Últimamente comento mucho sobre lo que, en mi opinión, son miserias del ámbito científico. Es imprescindible ser crítico, y mis colegas doctos y sensatos entienden, o entenderán, mi postura, por más que discrepen en cuanto al tono o en cuanto a ciertos detalles. Otra cosa es lo que puedan opinar los seguidores de la corriente principal de pensamiento y acción; pero eso ya es cuestión suya.
A lo largo de mis años de dedicación a la tarea científica, que desde el punto de vista de la tendencia productivista fundamental no ha sido exitosa, pero que es altamente valorada por mis colegas lepidopterólogos, sobre todo extranjeros, he experimentado constantemente dos sentimientos principales enfrentados. Por un lado, he gozado inmensamente del favor que me ha brindado la vida de poder dedicarme a pensar, a leer y a indagar sobre aquello que más me apasiona. Es un privilegio difícilmente alcanzable. Por otro, he sufrido con dureza el desprecio de aquellos que, imbuidos en la dinámica más extremadamente competitiva, defienden la idea de que todo científico ha de estar en la “élite”, dicen, lo que supone en la práctica ser capaz de producir un artículo de investigación tras otro en las revistas de mayor difusión (“impacto”, dicen también) posible. Desde mi punto de vista, esto último no solo acaba arrastrando a una buena parte del personal vocacional hacia niveles de ansiedad intolerables o hacia el abandono de la profesión, sino que degrada la interpretación original de la ciencia como donadora de un servicio integral, riguroso, sistemático, generalizable y utilizable en la vida cotidiana, sí, pero también capaz de contribuir al bienestar emocional y a la cohesión social. Me viene esto a la cabeza tras encontrarme un recorte de papel donde recogí el comentario de alguien, siento no recordar quién, que en su día me produjo pavor, el mismo pavor que siento cada vez que escucho o leo algo parecido:
“La ciencia gira alrededor de dos ejes: 1. Los proyectos de investigación, cuyo fin es la elaboración de publicaciones; y 2. Las infraestructuras, o resultado de producción de materiales o del crecimiento de los grupos de investigación.” Y ya está. Sobre eso gira la ciencia. ¿Puede haber interpretación más instrumental y cegata? Puede. Aquel comentario acababa así: “Para el funcionamiento de la ciencia, lo que hace falta son grupos de investigación enfrentados.” Tremendo. Desquiciado. Para mí, nada ha resultado más enriquecedor y satisfactorio que la sinergia, es decir, la colaboración mutua de varios grupos de investigación para la génesis de ideas y el contraste de hipótesis. Así trabajamos en ATTENAGUA o en BANDENCO e IBERARTRO; así estamos trabajando en Fauna Ibérica: Noctuoidea I, aportando cada cual el conocimiento que atesora en función de su experiencia particular.
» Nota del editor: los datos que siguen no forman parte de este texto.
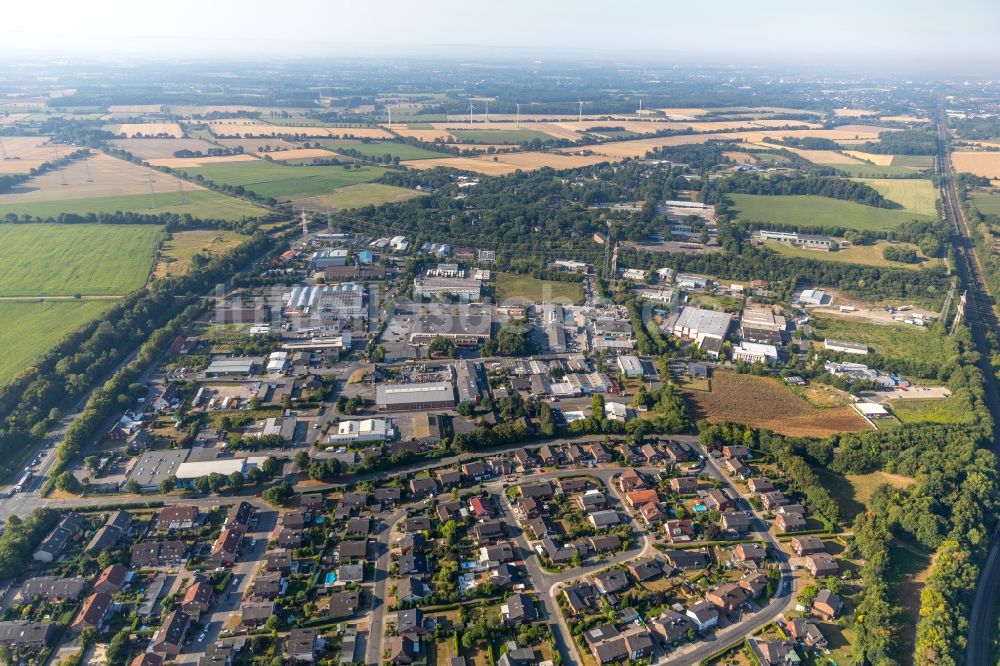 Ahlen aus der Vogelperspektive: Gewerbegebiet Gewerbegebiet Kleinwellenfeld in Ahlen im Bundesland Nordrhein-Westfalen, Deutschland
Hace unos días leía también una noticia en que Patti Smith y Joan Baez se abrazaban y lloraban desconsoladamente sobre el escenario, lamentándose de que, en su vejez, el mundo por el que habían trabajado durante toda su vida se desvanecía, siendo sustituido por otro donde el individualismo, la exclusión, la mediocridad satisfecha y el predominio de la visión monetarista y productivista se hacen fuertes. Una sensación de fracaso vital profundo, la misma que a mí me despierta comprobar hacia dónde camina la actividad científica: hacia el mismo lugar. En definitiva, a eso que se está dando en llamar ecofascismo, puesto que la sumisión de la masa a los postulados dominantes, jaleados y difundidos desde las esferas de poder, acabará previsiblemente en la imposición de normas que conduzcan a la eliminación, activa o pasiva, de la inmensa mayor parte de la población humana como forma de evitar la extinción total más o menos inmediata de nuestra especie. Si es que las “élites” no se hunden también en el cataclismo.